Besides the clothing issue, though, you truly are a good kid. You are respectful to your teachers (although your independent, carefree spirit occasionally causes small mishaps) and listen to directions well. You love to please people, and I love that about you. You are upbeat and adventurous (you have jumped off of every piece of furniture we own!) and love a good scavenger hunt or game. You have the biggest heart of any kid I know; you are quick to apologize, eager to help those in need, and motherly in so many ways. You are happiest when surrounded by lots of friends or when snuggled in bed with our family. Most afternoons, when school and activities are done, you want to change back into your pajamas, climb in bed with a snack and a snuggle, and watch a show. (Many days I oblige!) We try to limit screen time, but most days you get the privilege of watching a bit of television while Cricket naps. We turn on PBS or Disney Junior (seriously, I’ve forgotten that grown-up channels exist!) or a movie and try to at least talk about the lessons we can learn from whatever we’re watching. ;) You also adore going to the movie theater, which we do every few months with Papadon.

The list of things you love is long. (The list of things you hate is short: veggies, bad guys and getting in trouble.) You love being called “Emma Vance” (but E.V. is so much easier). You adore animals — especially unicorns, cats and dogs. And, of course, you’re obsessed with mermaids and princesses, and mermaid-princesses named Ariel. You go crazy over Shopkins and Magiclip dolls. You love to mold Play-doh and do any form of art. You’re constantly making drawings and cards for people. You love to bake (and eat). As for foods beyond treats (ahem), you are always asking to have chicken nuggets, berries, pancakes, smoothies and bagels. We have a low-to-no fast food policy, but we’ve decided that for now Starbucks doesn’t count, so you’re always happy to drive thru and get a snack. (Me, too!) You LOVE Mellow Mushroom, which we get every time we go to the carwash. We drop the car off, then stroll down the street for our obligatory pizza. Last time we were there, I ordered us a small cheese pie and as the waiter turned around to put in our order, you yelled, “And don’t forget the pretzels!” :)

Your favorite thing to do in the whole wide world is to swim. I’ve nicknamed you “Little Fish” because you would be in the water 24/7 if I let you. A few months ago we started weekly swim lessons, but you weren’t learning fast enough. Over the past month you’ve taken all the basic skills you gained in instruction and practiced and practiced and practiced…and now you can swim! You are fearless, eager to jump in the deep end (or do a “canyon” ball) and headstrong enough to insist that you can swim back to the wall all alone. You are amazing! You also love being an “exercise girl” (i.e. going to the gym and doing yoga or running around), reading and riding your scooter. Most importantly, though, you really are beginning to understand and love Jesus. It’s amazing to watch, and I’m so happy that you love God already. Of course, the other day you told me that Jesus told us “to be polite,” haha, but overall I’d say you’re starting to grasp his message.
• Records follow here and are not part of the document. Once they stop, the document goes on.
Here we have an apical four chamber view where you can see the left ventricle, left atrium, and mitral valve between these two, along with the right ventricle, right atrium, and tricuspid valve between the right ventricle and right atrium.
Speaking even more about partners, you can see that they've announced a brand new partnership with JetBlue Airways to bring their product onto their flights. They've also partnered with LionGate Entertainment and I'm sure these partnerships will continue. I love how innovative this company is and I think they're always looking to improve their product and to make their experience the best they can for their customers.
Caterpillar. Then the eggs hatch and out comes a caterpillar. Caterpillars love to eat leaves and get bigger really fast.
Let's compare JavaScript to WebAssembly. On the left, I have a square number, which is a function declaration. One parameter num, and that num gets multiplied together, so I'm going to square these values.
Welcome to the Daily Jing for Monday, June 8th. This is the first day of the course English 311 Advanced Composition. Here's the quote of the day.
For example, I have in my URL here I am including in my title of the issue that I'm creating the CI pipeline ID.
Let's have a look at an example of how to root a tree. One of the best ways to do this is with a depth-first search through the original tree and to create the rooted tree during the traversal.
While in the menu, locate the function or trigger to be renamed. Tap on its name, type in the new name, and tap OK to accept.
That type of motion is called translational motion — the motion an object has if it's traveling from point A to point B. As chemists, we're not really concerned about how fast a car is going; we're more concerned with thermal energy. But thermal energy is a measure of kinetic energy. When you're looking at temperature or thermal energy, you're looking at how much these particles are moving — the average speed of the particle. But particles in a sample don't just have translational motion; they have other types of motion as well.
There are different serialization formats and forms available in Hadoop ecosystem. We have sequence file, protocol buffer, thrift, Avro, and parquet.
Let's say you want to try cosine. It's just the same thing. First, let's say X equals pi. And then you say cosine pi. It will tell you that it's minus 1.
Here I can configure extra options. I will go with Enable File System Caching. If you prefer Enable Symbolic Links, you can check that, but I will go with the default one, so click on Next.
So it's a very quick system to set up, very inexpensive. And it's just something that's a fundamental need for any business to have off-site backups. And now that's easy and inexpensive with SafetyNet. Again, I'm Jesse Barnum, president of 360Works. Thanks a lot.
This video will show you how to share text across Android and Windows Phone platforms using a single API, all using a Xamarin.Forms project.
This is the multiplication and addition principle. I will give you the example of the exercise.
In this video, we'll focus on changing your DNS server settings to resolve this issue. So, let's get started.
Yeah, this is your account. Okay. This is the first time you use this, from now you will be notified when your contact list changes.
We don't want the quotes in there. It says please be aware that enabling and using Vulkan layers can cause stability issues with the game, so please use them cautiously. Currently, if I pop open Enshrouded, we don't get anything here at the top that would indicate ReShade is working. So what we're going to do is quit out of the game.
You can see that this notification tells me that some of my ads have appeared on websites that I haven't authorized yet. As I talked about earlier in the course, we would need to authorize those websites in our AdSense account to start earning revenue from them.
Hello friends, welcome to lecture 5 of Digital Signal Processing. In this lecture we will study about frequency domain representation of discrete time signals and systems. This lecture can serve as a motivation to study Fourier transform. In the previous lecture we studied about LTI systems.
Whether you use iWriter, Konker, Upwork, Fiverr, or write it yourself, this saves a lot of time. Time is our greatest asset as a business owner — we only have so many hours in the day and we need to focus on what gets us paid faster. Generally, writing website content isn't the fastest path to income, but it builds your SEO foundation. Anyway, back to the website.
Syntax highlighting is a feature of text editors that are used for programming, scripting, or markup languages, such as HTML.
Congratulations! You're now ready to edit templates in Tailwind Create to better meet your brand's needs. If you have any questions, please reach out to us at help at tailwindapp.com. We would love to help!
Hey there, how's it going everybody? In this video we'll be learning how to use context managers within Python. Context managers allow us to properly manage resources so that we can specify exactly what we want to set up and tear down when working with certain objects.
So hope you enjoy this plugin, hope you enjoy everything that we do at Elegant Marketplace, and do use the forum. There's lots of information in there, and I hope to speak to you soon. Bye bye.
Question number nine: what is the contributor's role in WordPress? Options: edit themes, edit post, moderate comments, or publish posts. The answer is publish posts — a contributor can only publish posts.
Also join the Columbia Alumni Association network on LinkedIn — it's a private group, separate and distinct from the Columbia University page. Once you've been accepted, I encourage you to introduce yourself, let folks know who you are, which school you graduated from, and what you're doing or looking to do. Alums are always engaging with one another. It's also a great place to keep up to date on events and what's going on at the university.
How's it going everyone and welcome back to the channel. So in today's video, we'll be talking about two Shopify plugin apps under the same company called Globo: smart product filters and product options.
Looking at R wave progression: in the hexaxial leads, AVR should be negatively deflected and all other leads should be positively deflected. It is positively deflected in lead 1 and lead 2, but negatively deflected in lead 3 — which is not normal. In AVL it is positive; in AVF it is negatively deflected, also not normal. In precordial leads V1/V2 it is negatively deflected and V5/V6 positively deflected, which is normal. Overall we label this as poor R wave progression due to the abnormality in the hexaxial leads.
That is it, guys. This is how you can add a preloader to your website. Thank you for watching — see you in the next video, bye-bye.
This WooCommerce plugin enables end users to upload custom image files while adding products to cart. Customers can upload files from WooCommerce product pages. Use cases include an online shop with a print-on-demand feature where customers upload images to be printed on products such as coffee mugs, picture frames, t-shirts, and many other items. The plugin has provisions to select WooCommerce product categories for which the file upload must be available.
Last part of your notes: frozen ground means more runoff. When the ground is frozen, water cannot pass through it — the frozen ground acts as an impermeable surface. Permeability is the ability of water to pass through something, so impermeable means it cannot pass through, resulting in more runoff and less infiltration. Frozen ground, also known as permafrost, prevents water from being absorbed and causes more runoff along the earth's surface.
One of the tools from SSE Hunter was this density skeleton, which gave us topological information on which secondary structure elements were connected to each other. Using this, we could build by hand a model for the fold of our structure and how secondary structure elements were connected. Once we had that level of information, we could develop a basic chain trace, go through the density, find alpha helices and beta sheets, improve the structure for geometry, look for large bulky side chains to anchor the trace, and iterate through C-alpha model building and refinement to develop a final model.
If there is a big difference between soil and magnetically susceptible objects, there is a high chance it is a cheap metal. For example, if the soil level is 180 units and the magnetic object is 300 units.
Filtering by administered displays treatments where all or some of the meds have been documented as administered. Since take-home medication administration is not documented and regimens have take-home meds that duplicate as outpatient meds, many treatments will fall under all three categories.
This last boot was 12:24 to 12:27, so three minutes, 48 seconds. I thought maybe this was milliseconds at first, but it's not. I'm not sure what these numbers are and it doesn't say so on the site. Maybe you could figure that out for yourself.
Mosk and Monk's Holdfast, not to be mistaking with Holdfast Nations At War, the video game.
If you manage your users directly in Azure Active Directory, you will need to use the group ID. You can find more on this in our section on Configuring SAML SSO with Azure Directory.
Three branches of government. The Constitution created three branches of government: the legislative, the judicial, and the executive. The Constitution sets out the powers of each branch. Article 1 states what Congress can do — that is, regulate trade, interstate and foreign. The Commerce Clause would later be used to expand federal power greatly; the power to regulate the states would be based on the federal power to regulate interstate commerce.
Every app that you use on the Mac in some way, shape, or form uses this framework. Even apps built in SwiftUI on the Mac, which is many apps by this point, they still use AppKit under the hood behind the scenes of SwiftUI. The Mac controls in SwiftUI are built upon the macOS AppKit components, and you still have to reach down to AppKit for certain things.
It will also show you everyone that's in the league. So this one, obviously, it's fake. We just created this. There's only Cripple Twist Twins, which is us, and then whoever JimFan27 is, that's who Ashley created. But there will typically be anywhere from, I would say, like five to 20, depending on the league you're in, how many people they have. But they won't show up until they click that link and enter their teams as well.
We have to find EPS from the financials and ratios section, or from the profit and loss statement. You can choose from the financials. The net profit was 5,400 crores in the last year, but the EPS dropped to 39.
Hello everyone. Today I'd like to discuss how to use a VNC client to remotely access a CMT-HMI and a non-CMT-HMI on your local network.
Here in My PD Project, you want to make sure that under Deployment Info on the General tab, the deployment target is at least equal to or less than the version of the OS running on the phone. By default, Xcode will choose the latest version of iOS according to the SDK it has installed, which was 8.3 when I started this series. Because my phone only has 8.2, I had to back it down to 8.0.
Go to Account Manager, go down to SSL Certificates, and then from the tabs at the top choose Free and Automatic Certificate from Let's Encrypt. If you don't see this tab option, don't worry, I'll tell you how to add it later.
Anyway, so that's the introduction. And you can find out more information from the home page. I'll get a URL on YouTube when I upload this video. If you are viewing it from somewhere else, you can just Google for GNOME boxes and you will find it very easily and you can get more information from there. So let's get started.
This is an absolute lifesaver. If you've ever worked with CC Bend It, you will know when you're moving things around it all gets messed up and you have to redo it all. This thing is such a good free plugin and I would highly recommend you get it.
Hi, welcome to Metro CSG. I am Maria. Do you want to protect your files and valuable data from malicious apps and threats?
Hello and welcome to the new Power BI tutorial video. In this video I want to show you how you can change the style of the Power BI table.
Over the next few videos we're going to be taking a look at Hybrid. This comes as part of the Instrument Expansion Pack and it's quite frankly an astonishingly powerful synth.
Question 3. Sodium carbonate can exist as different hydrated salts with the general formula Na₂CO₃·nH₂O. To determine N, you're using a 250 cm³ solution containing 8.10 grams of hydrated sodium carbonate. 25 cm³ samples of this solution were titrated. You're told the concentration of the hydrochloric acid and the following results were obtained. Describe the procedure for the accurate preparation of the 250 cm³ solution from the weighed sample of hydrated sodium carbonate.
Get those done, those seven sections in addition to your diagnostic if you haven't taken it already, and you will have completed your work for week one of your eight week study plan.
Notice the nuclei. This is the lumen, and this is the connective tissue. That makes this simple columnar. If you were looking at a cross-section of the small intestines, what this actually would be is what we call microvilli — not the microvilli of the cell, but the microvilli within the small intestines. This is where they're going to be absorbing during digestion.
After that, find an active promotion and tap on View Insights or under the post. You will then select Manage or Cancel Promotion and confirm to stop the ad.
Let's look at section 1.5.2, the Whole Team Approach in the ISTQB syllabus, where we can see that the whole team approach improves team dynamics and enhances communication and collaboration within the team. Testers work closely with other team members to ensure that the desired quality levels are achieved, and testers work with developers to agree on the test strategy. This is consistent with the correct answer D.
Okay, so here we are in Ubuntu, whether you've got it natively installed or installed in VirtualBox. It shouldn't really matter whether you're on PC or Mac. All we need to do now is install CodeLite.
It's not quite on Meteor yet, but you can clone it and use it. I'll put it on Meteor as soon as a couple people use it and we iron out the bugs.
There are these moments where I’m terrified because you’re so mature. Sometimes it’s not a good thing — a huff of preteen frustration, an insistence that you don’t need help, a lack of understanding why you’re too little to do something. (I hear, “But I’m big!” a lot.) Sometimes it’s a good thing — an insight into your little heart, a thought on this big world, a commiserating comment when Cricket is crying. It’s like you’ve got 10% grown-up in you, and it’s a strange transition. You’re definitely not a baby or toddler anymore; you are a full-blown KID. A kid who gets crushes pretty easily! So far you seem mostly enamored with middle school boys (our neighbor and his friend, and a preschool camp assistant). Really, if a middle school boy gives you attention or is nice to you, you get all googly-eyed and giddy. It’s pretty adorable to watch…for now! ;)

Cricket is your BFF. You guys are so close in age that you are inseparable. The two of you love to play babies, dress up and Play-doh constantly. You are a sweet, sweet big sister and always watch out for her. On the occasion that Cricket gets in trouble and cries as I reprimand her, you are quick to comfort her with a hug and defend her to me, “You made my baby sister cry!” Oh, the two of you together is unbeatable! However, you don’t want her to sleep in your bed, and I can’t completely blame you because a few times she’s pushed you off the edge in the middle of the night, haha! And she’s a bit slower to wind down than you are. Since you don’t nap anymore, you are ready and eager for bedtime most nights. You love to climb into bed, draw in your journal, read, pray and then roll over to sleep. It’s a nice, easy process as a parent. These days you prefer Daddy to put you to bed because he does “that tickly thing” (i.e. tickling your arm and running his fingers through your hair and on your face). Once again, you’re a lover and a snuggler!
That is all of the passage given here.